His acreage’s pasture was ravaged by flames, his 20 cattle are stranded and he needs to get them to a water source.

Luckily, he has a separate pasture and can take the herd there. And then he can turn his focus elsewhere.

“All I can do is hold the ladder for others, you know? Do my small part.”

As smoke settles across the horizon late Tuesday afternoon, residents gather around a picnic table at Lake Life Powersports for free hotdogs.

An employee scored a BBQ on the cheap from the local hardware store — courtesy of the general manager when told what it was for — and is grilling up dozens of wieners.

One resident enjoying the free late lunch, who doesn’t want to be identified, jokes about the chances of getting his money back for the grass seed he just planted, but gets emotional thinking about the Harley-Davidson motorcycles he lost in the blaze.

He provides a video showing a string of houses, including his, near Wendigo Road razed by fire Monday. The camera pans across a block of charred, black piles of soot and bare trees along the lakefront.

MIKE DEAL / FREE PRESS 
Larry Flattery with his three-month-old bulldog, Nikko, outside their RV in the parking lot of Lake Life Powersports, which opened up its parking lot to evacuees with RVs. About 30 RVs had been parked there overnight.
MIKE DEAL / FREE PRESS

Larry Flattery with his three-month-old bulldog, Nikko, outside their RV in the parking lot of Lake Life Powersports, which opened up its parking lot to evacuees with RVs. About 30 RVs had been parked there overnight.

“It’s just stuff,” he says. “We have insurance, but we know people who aren’t so fortunate.”

Nearby, a dentist’s office is handing out toothbrushes and toothpaste to evacuees who forgot to pack their own.

“There are so many people doing their parts to make sure everything is happening,” says Rural Municipality of Lac du Bonnet Reeve Lorne Schinkel. “I admire all the residents and many others in the area. It’s a true effort on behalf of everyone here.”

Pointing to volunteers at the evacuation registration centre counting heads and serving meals, the firefighters and assistance from neighbouring regions, Schinkel says he is grateful for all the help and is praying for rain.

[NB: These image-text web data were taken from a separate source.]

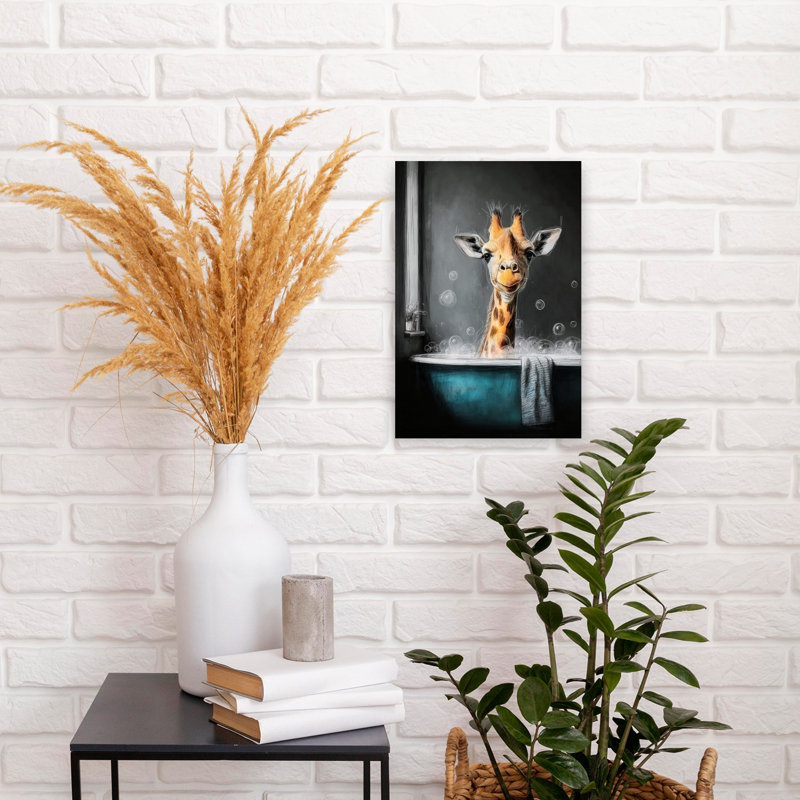 Giraffe In Bathtube 3 by Justyna Jaszke - Wrapped Canvas Print, 45.72 cm H x 30.48 cm W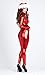 Forplay Women's Metallic Zip Front Mock Neck Catsuit Red X-Small/Small
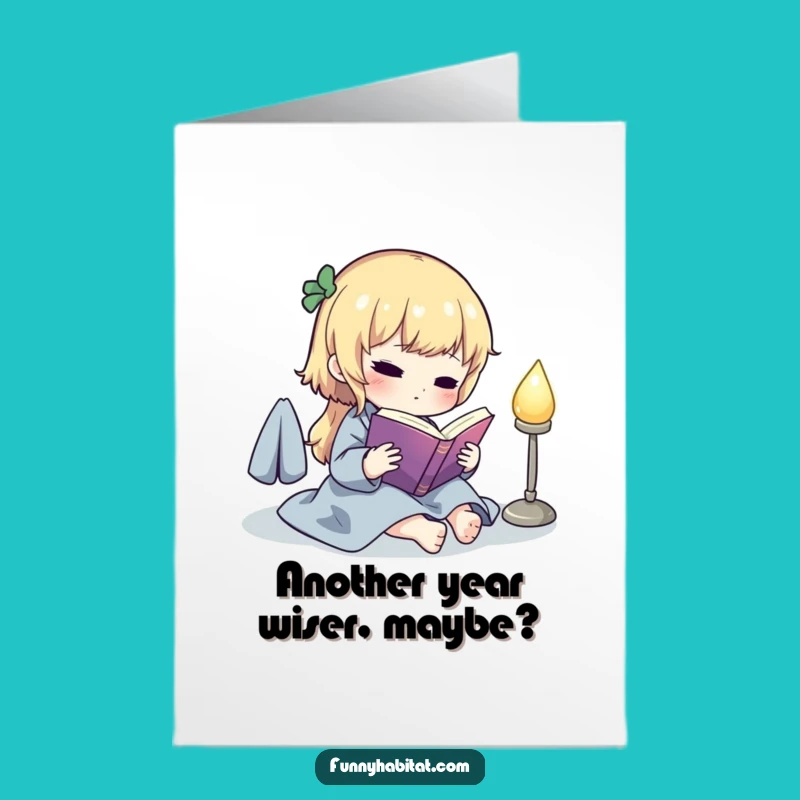 Free Printable Birthday Card: Cute Bookworm Character, Funny Downloadable Gift For Readers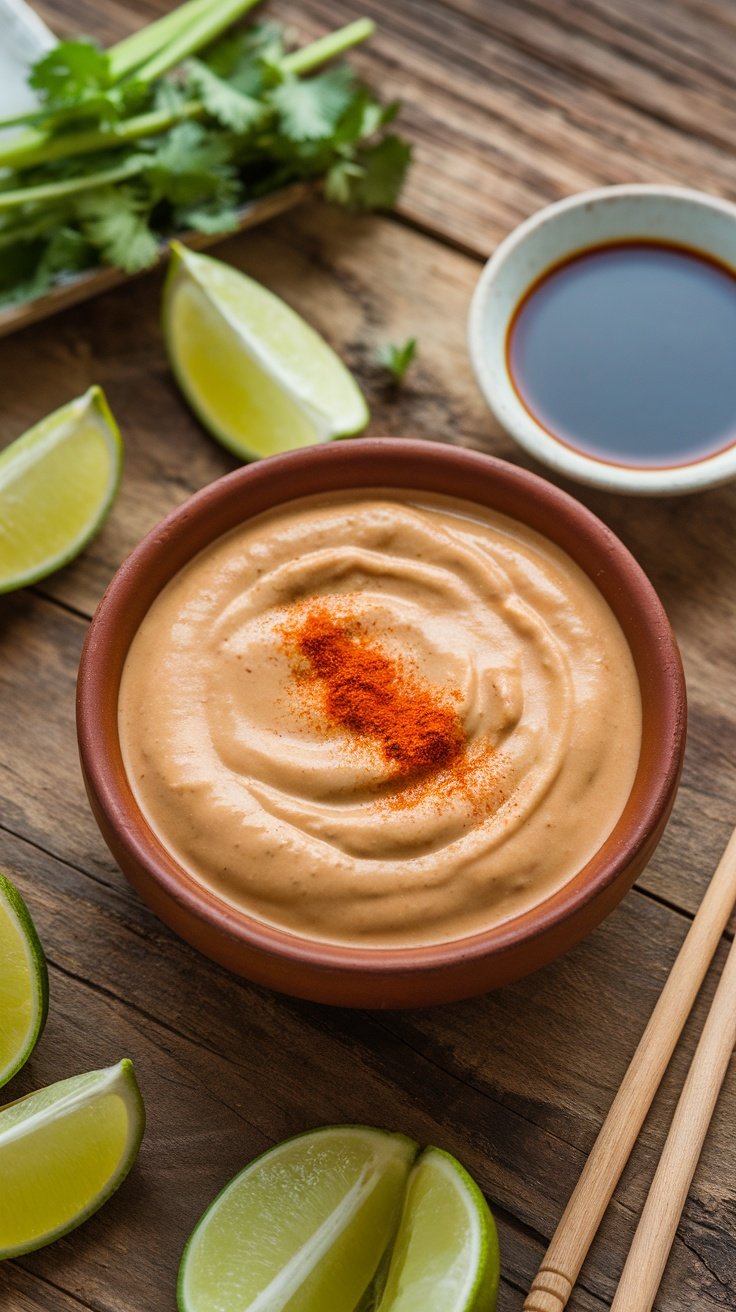Savory Peanut Sauce with a Kick A bowl of rich peanut sauce with chili drizzle, lime wedges, and soy sauce on a wooden table.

“Property can be replaced, people can’t,” he says.

nicole.buffie@freepress.mb.ca

Nicole Buffie

Nicole Buffie
Multimedia producer

Nicole Buffie is a reporter for the Free Press city desk. Born and bred in Winnipeg, Nicole graduated from Red River College’s Creative Communications program in 2020 and worked as a reporter throughout Manitoba before joining the Free Press newsroom as a multimedia producer in 2023. Read more about Nicole.

Every piece of reporting Nicole produces is reviewed by an editing team before it is posted online or published in print — part of the Free Press‘s tradition, since 1872, of producing reliable independent journalism. Read more about Free Press’s history and mandate, and learn how our newsroom operates.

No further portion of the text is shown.